10. Conhecer a história relacionada aos “Antigos” de 1.751 e os “Modernos” de 1.717 é imprescindível para se avaliar o conhecimento sobre a Sublime Instituição;
11. Pesquisar nas revelações, nos fragmentos e nas obras espúrias;
12. Pesquisar os verdadeiros Landmarks da Ordem (espontâneos, imemoriais e universalmente aceitos), bem como as Antigas Obrigações;
13. As tabernas dos Maçons antigos e aceitos;
14. Uma Loja maçônica não representa literalmente o Templo de Jerusalém, portanto o Templo não é arquétipo, nem estereótipo de uma Loja;
15. Cuidado com a imensa quantidade de rituais impressos, principalmente no Brasil a partir dos meados do século XIX. Sem medo de errar a maioria deles é ultrapassada, misturada (um com outro rito), inventiva e mal qualificada. Nunca os tenha como uma fonte confiável. É bem verdade que essa regra não é generalizada, porém poucos de salvam;
16. Em se tratando de rito, procure a sua origem e o seu primeiro ritual. Entenda a sua mensagem doutrinária;
17. Ainda em se tratando de rito, observe a sua vertente. Veja se ela é francesa ou inglesa.

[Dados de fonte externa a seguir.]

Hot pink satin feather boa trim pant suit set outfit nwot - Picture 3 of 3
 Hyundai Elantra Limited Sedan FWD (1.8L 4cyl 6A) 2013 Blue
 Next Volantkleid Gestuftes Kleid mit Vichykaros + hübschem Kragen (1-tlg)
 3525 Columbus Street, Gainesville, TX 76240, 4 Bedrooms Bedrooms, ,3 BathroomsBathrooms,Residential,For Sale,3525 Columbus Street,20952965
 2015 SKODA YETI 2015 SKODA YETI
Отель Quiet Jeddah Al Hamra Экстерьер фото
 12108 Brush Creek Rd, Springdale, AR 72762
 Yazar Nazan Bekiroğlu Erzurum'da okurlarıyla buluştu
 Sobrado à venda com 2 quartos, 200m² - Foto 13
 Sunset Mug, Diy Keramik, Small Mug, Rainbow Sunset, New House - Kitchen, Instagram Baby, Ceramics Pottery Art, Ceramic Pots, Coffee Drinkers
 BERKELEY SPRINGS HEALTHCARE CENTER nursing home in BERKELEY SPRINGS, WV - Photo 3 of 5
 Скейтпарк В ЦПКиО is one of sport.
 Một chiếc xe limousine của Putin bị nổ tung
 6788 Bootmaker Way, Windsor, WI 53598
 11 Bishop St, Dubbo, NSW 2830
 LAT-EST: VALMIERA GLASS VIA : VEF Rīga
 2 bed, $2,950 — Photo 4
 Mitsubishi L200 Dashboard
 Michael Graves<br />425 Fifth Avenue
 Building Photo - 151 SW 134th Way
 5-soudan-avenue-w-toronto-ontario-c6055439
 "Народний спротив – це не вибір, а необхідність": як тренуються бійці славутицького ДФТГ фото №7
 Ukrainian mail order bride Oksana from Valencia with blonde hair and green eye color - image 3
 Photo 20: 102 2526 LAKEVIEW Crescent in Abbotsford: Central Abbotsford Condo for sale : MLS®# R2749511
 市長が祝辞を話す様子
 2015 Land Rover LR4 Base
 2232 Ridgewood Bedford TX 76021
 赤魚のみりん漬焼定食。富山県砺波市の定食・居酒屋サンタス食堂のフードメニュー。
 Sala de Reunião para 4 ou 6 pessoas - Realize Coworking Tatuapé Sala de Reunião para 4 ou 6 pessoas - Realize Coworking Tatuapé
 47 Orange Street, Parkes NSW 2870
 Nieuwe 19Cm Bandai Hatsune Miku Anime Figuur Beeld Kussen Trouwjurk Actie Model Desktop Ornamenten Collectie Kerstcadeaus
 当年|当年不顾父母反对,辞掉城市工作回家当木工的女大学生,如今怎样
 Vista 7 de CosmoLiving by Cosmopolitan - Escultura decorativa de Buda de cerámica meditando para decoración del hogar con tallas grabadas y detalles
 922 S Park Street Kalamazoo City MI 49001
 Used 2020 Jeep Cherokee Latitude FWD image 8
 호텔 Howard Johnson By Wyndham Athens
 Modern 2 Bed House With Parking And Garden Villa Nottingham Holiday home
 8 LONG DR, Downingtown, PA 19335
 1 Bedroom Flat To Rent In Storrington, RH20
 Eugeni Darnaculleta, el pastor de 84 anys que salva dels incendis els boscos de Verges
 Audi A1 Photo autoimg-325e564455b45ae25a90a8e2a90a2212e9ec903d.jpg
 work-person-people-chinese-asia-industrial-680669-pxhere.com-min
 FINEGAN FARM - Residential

18. Outro perigo à vista é a licenciosidade de interpretação, tanto histórica, como simbólica, afaste-se dela;
19. A Moderna Maçonaria universal é composta por apenas três Graus – Aprendiz, Companheiro e Mestre. Graus acima do simbolismo são particularidades dos Ritos. Nenhum deles seria melhor do que outros pela sua maior quantidade de Graus;
20. A Maçonaria primitiva não possuía Graus, porém duas classes de operários que deram origem aos Aprendizes e Companheiros. O Grau de Mestre só apareceria a partir de 1.724 já na Moderna Maçonaria. No operativo existia o Mestre da Obra – não era Grau. Daí o Grau de Companheiro ser o mais genuíno da Maçonaria, tanto histórico quanto doutrinário. Aprenda a não trata-lo como “intermediário” (sic);
21. Etc., etc., etc. Obviamente esses tópicos não se resumem em tudo aquilo que é necessário para bem compreender a “Arte”. A intenção é apenas dar uma direção para a espinhosa jornada em cujo trajeto serão encontradas inúmeras estações.